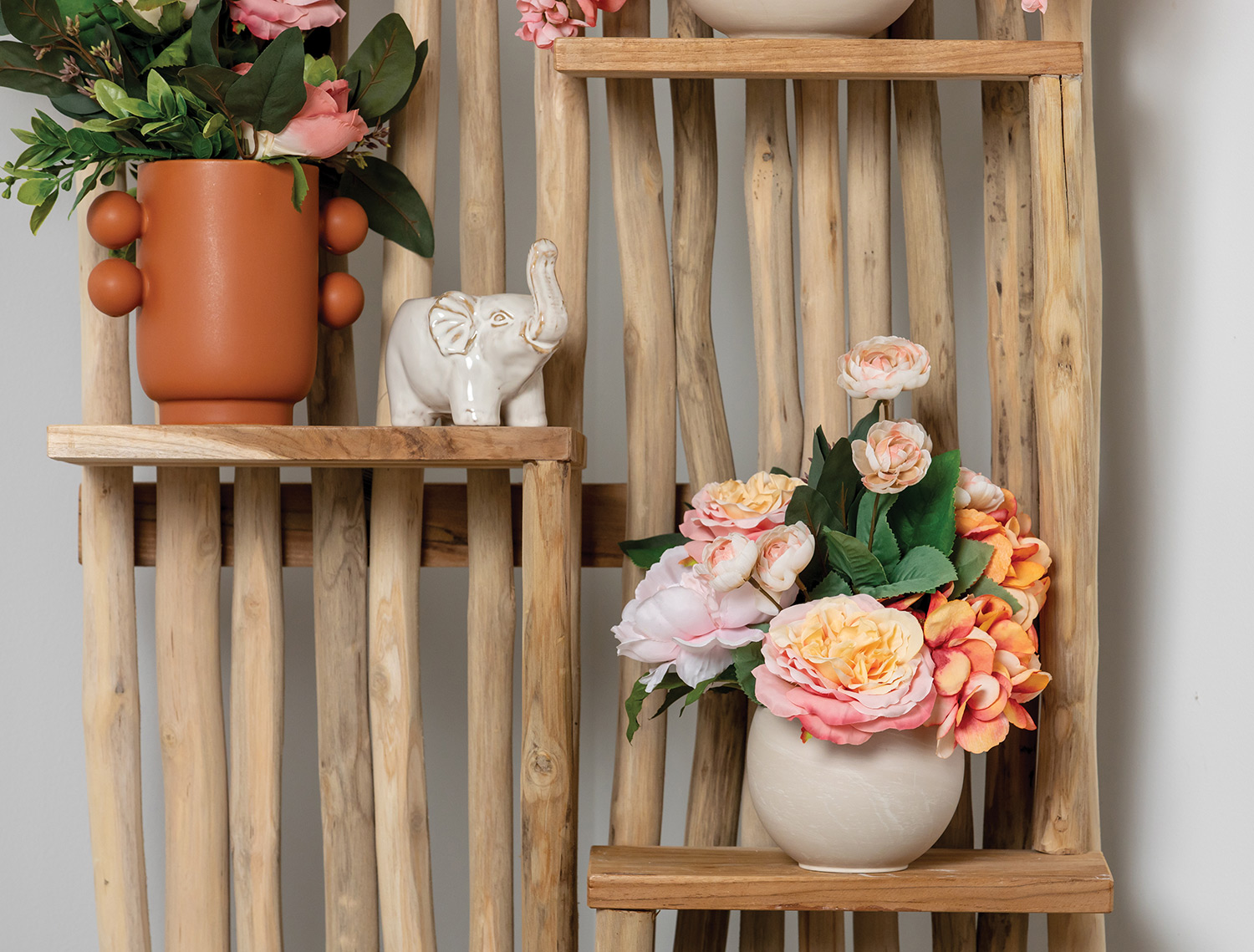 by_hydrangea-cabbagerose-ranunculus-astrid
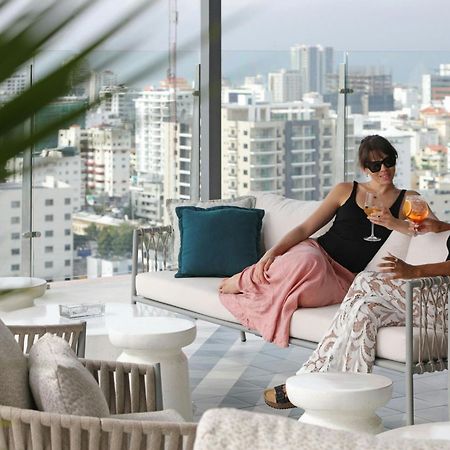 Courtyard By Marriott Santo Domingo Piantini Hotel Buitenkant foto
^^^^^^^^^^^^^^^^
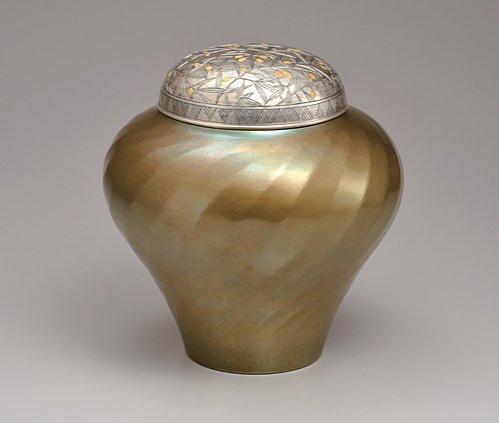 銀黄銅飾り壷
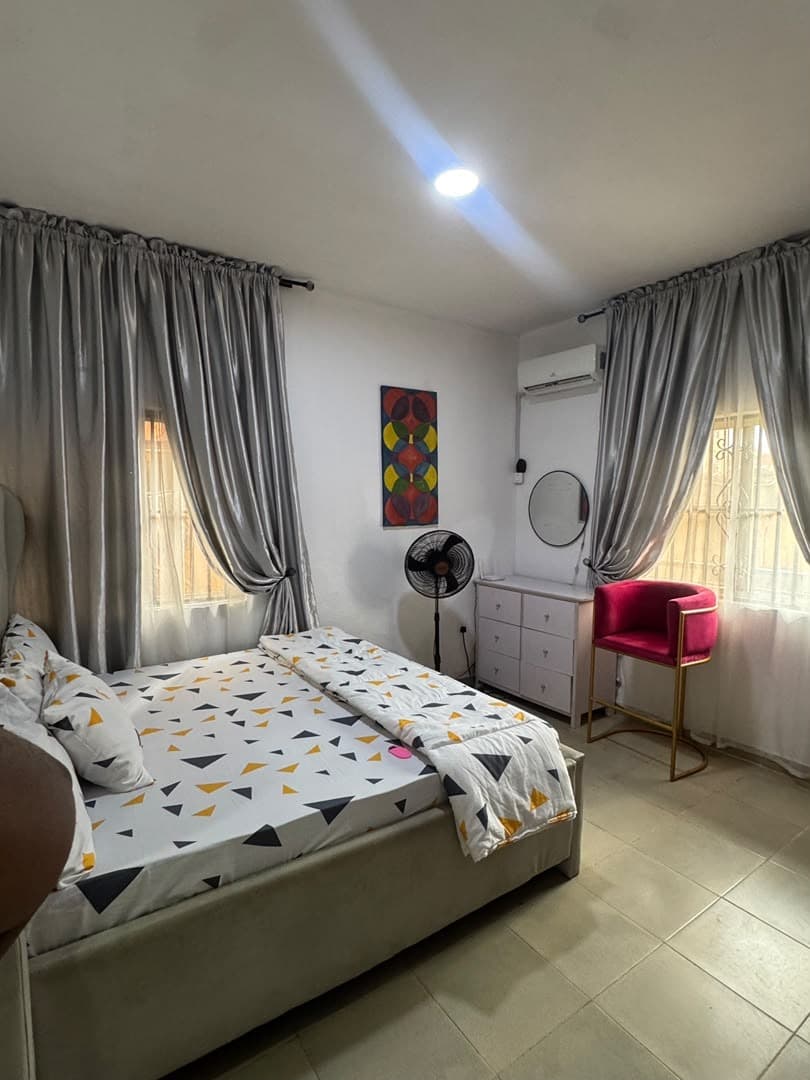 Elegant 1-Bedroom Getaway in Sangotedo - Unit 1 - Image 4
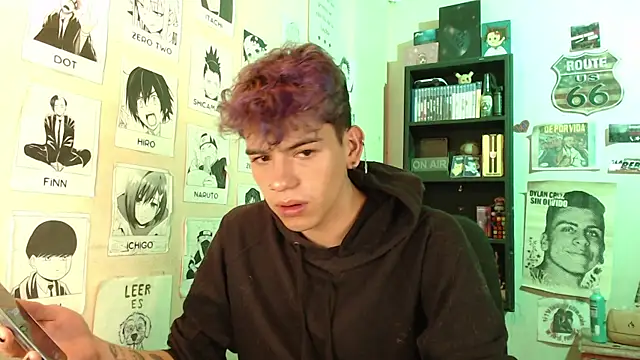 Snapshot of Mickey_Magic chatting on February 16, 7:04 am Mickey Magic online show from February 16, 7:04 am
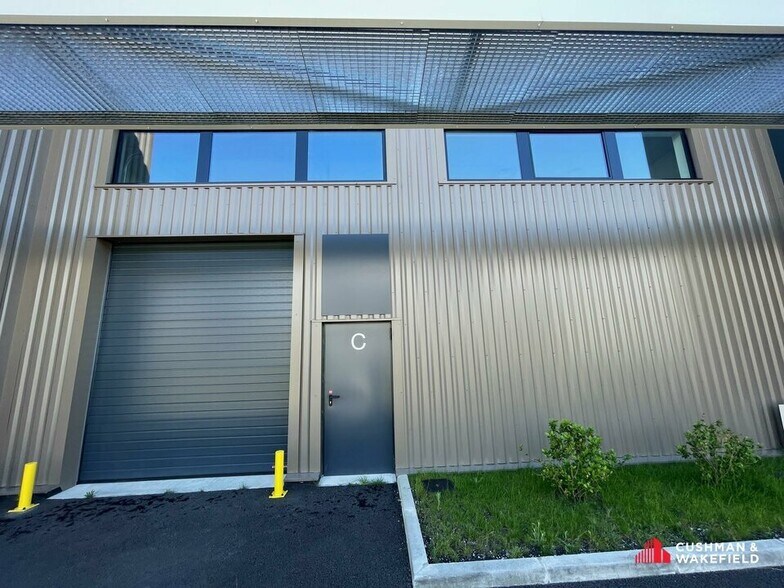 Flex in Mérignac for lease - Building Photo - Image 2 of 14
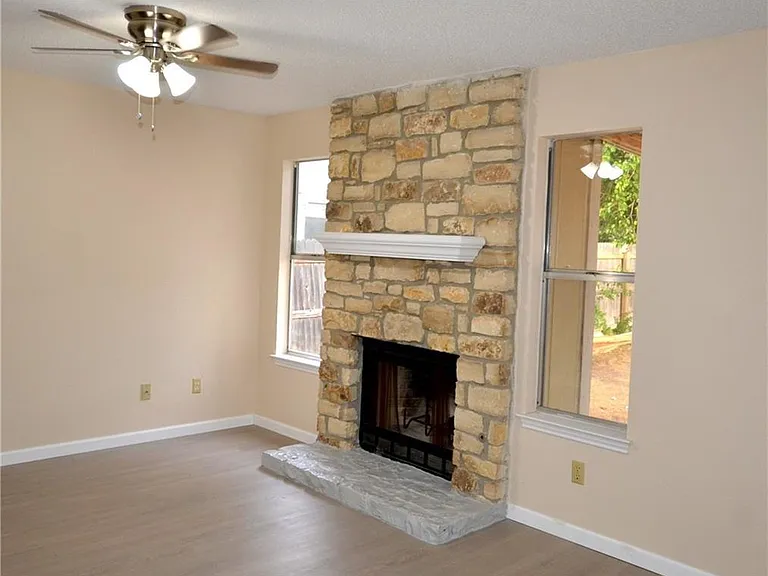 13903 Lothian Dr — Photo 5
^^^^^^^^^^^^^^^^
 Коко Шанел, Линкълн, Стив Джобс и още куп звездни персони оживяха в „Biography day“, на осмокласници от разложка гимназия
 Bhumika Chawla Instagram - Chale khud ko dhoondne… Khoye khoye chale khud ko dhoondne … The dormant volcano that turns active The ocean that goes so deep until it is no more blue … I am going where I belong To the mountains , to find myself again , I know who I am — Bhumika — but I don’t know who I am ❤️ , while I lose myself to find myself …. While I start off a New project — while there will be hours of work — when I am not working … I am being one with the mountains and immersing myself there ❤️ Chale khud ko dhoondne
^^^^^^^^^^^^^^^^
§ **WORK INSTRUCTIONS**
Using the entries above, transcribe exactly from the line that has "by_hydrangea-cabbagerose-ranunculus-astrid" through the line that has "Courtyard By Marriott". Pictures are dropped.

§ **RESULT FOR THIS TASK**
 by_hydrangea-cabbagerose-ranunculus-astrid
 Courtyard By Marriott Santo Domingo Piantini Hotel Buitenkant foto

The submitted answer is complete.